Last year, traditional tea processing techniques and associated social practices in China were inscribed on UNESCO's Representative List of Intangible Cultural Heritage of Humanity. Both the Zisun tea-making technique and Jingshan Tea Ceremony were included.

While tea brought these areas cultural depth and economic prosperity, the legacy of the "tea saint" is never forgotten. Across the regions Lu set foot — Huzhou for example — his statues can often be seen and his stories are still being told.

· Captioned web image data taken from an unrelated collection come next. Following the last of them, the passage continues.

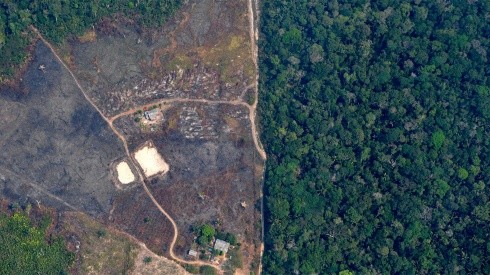 Desde el aire se pueden ver las deforestaciones de la Amazonía, como esta que corresponde al 2019.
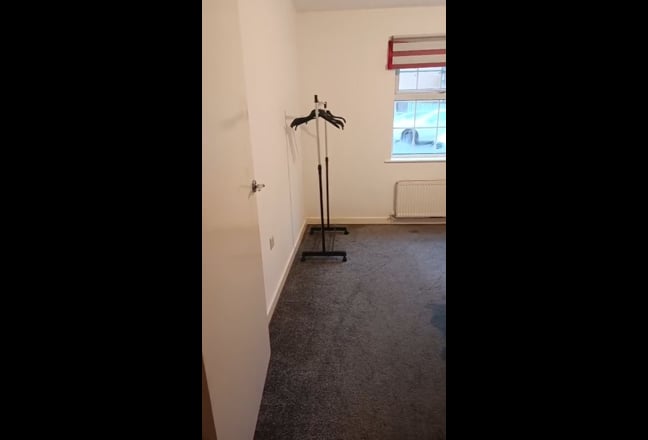 Shared 2 bhk with an Indian family Main Photo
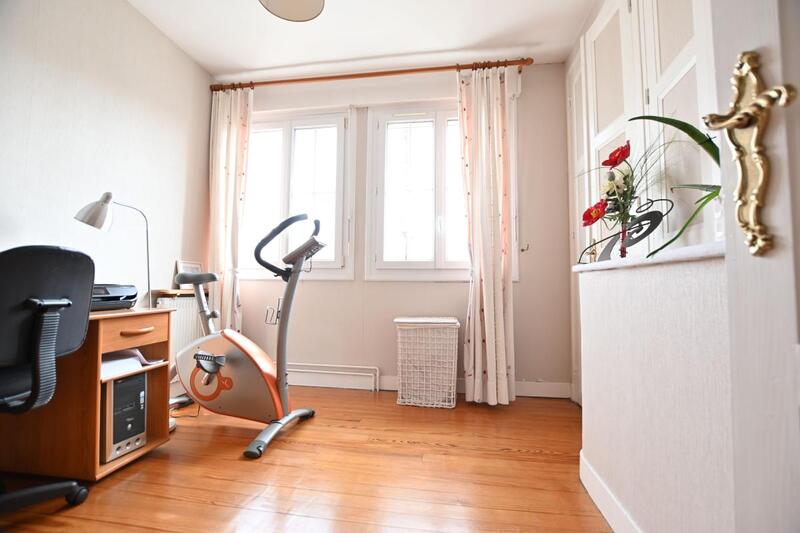 Maison - 100 m² - 5 pièces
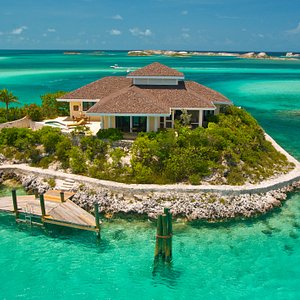 bahamas travel cost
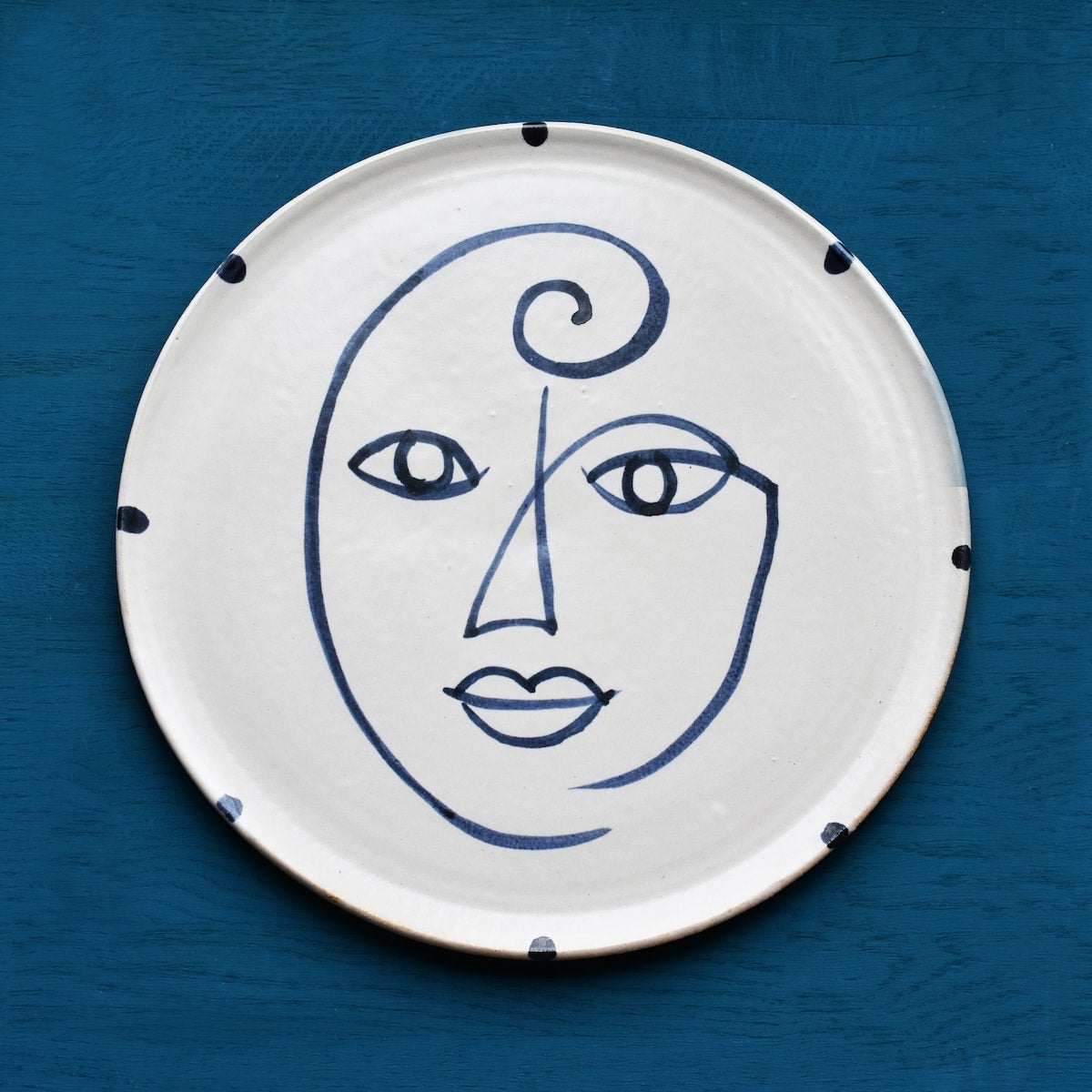 handmade hand painted blue and white face wall plate Kinkatou AUTHOR Interiors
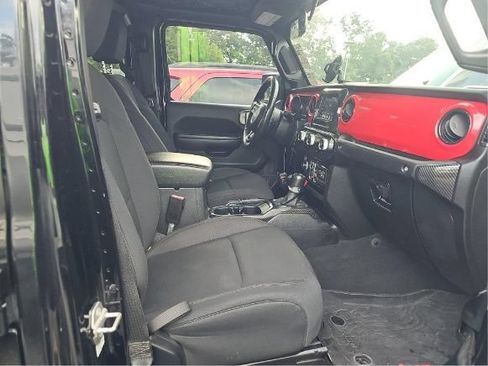 Used 2021 Jeep Gladiator Sport AWD/4WD image 5
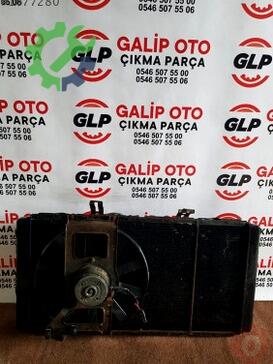 Renault R 21 Radyatör çıkma parça
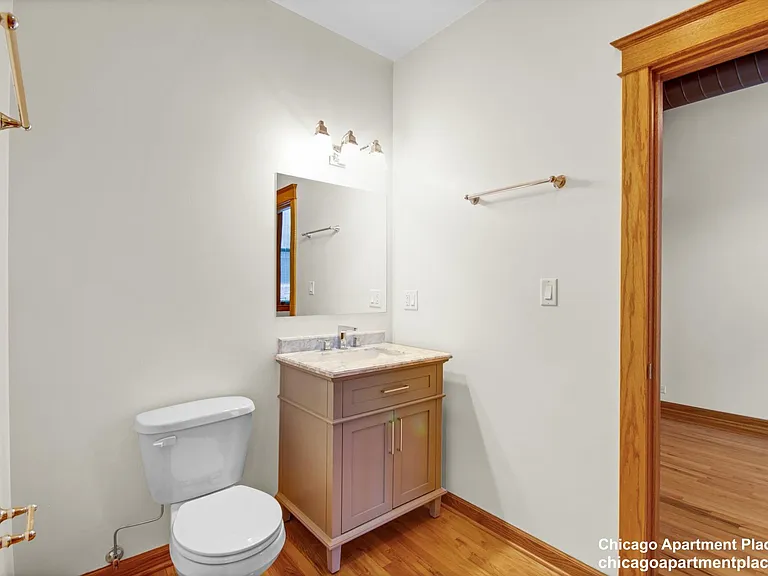 216 N May St #101 — Photo 15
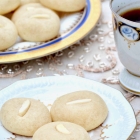 Ghraybeh [Arabic Butter Cookies]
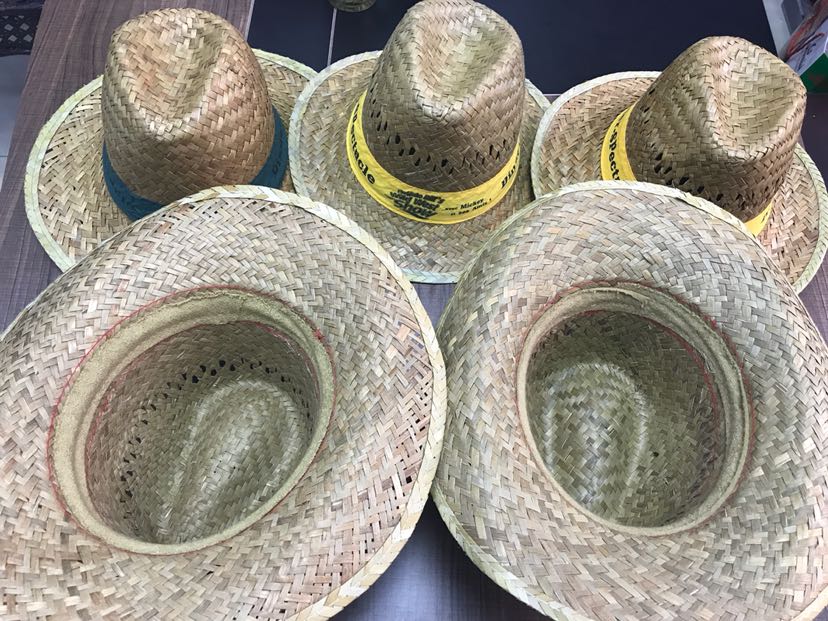 Imported material western cowboy straw hat, suntan hat, suntan hat, spot straw hat. Imported material western cowboy straw hat, suntan hat, suntan hat, spot straw hat.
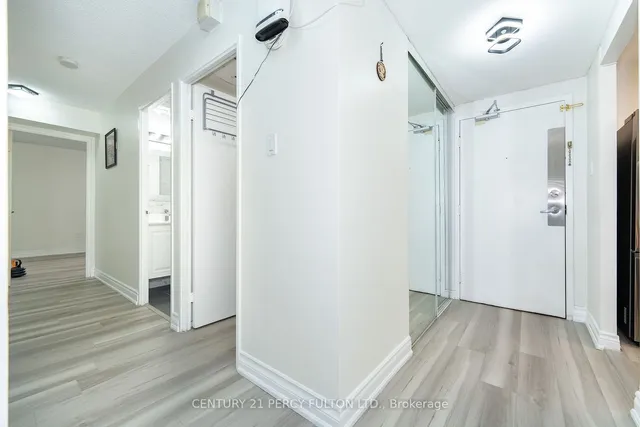 Additional image 10 of 25 Sunrise Ave Unit 1404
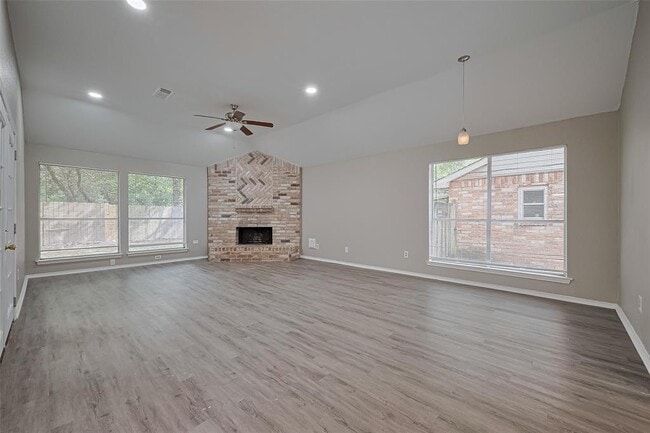 Building Photo - 2339 Loyanne Dr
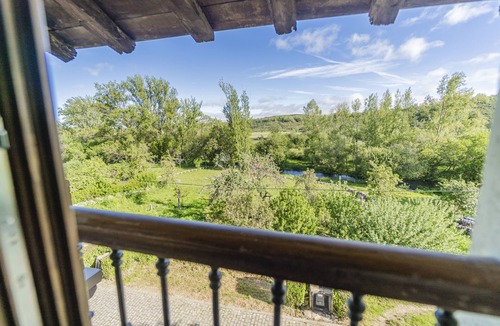 Villasur de Herreros House | Holiday Home 'Casa Rural Villapajar' with Mountain View, Private Garden and Wi-Fi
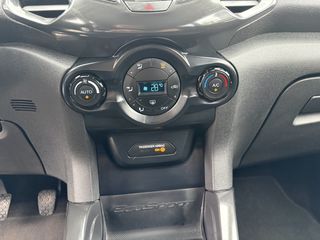 Ford EcoSport 2015 Titanium-thumb-33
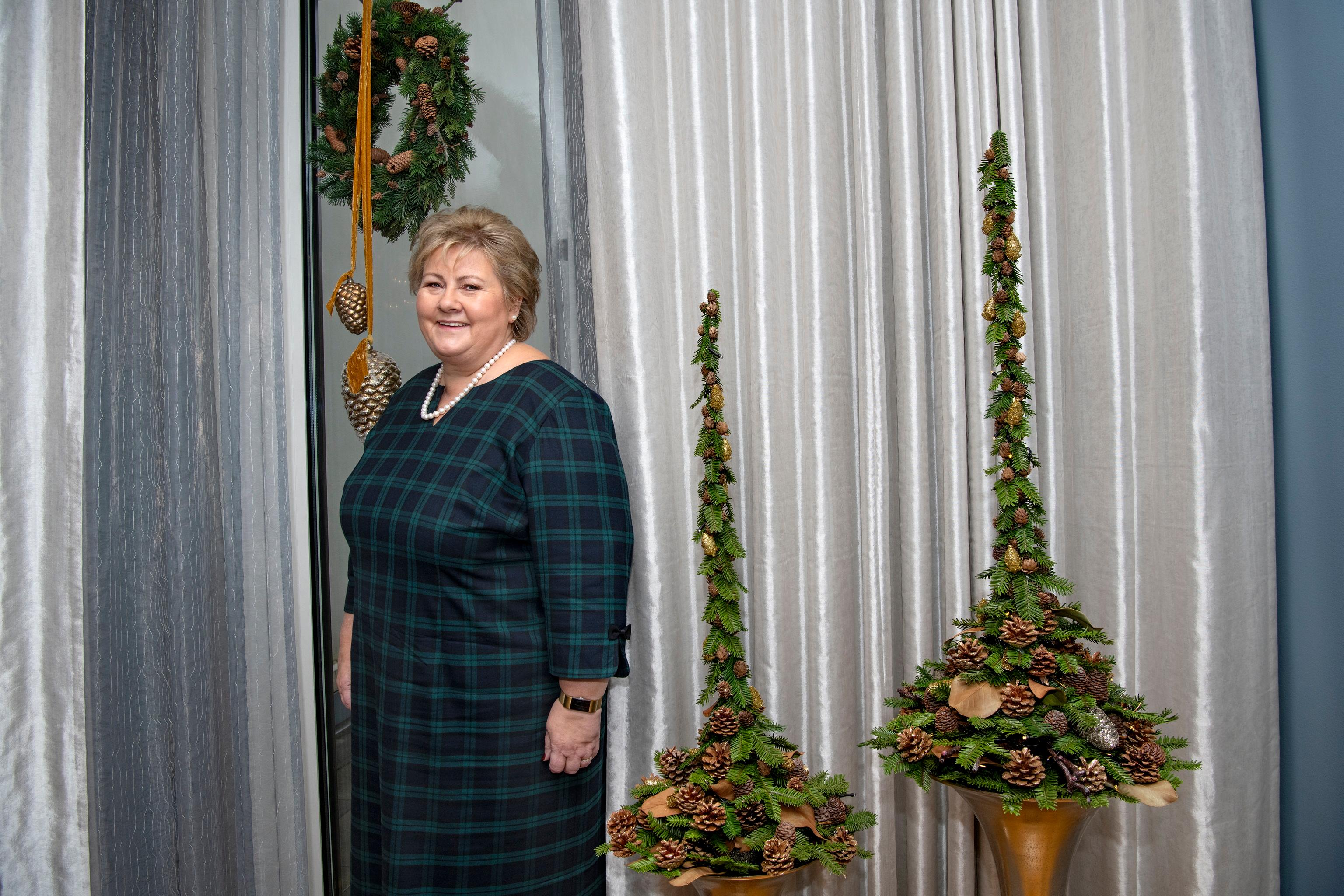 JULEINTERVJU. Erna Solberg. Statsminister. Partileder i Høyre. Politiker. Statsministerboligen.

One particular town in Huzhou's Wuxing district, Miaoxi, is a site of veneration for tea lovers around the country to visit and pay homage. According to historical texts, when Lu first arrived at what is today's Zhejiang, he stayed in Wuxing's Miaoxi Temple, located on the Zhushan Hill, where he became a close friend with Jiaoran, the abbot of the temple.

The two developed a close bond that lasted the next four decades, with Lu being inspired by Jiaoran to explore the philosophy of tea and modify his work. Even in death, Lu was buried near Jiaoran, on the hill, according to his will.

A statue of Lu Yu at Zhushan Cultural Park in Huzhou, Zhejiang province.[Photo provided to China Daily]

Although Miaoxi Temple is now nowhere to be found, and the location of Zhushan Hill for a long time was under dispute, historical geographer Chen Qiaoyi conducted research and stated that Zhushan Hill is in today's Miaoxi town, where Zhushan Cultural Park has been built as a part of the town's Xisaishan Holiday Resort.

"At Miaoxi Temple, Lu Yu spent three years writing the first draft of The Classic of Tea. He then traveled to a lot of places to conduct further research while making further modifications," says Lyu Jianliang, deputy director of Xisaishan Holiday Resort.

On Tomb Sweeping Day this year, around 150 tea experts and enthusiasts gathered at the park, offering incense and flowers in front of a monument in commemoration of Lu.

Other events are also hosted at the park, including a tea cultural tourism festival, salons, markets and study tours. These events actively engage visitors in tea-drinking practices from different dynasties and experience the culture and philosophy involved.

Starting from May, the China Cultural Centers around the globe are due to launch Tea for Harmony — Yaji Cultural Salon, featuring a series of events, including exhibitions, performances and lectures, promoting Chinese tea culture to the world.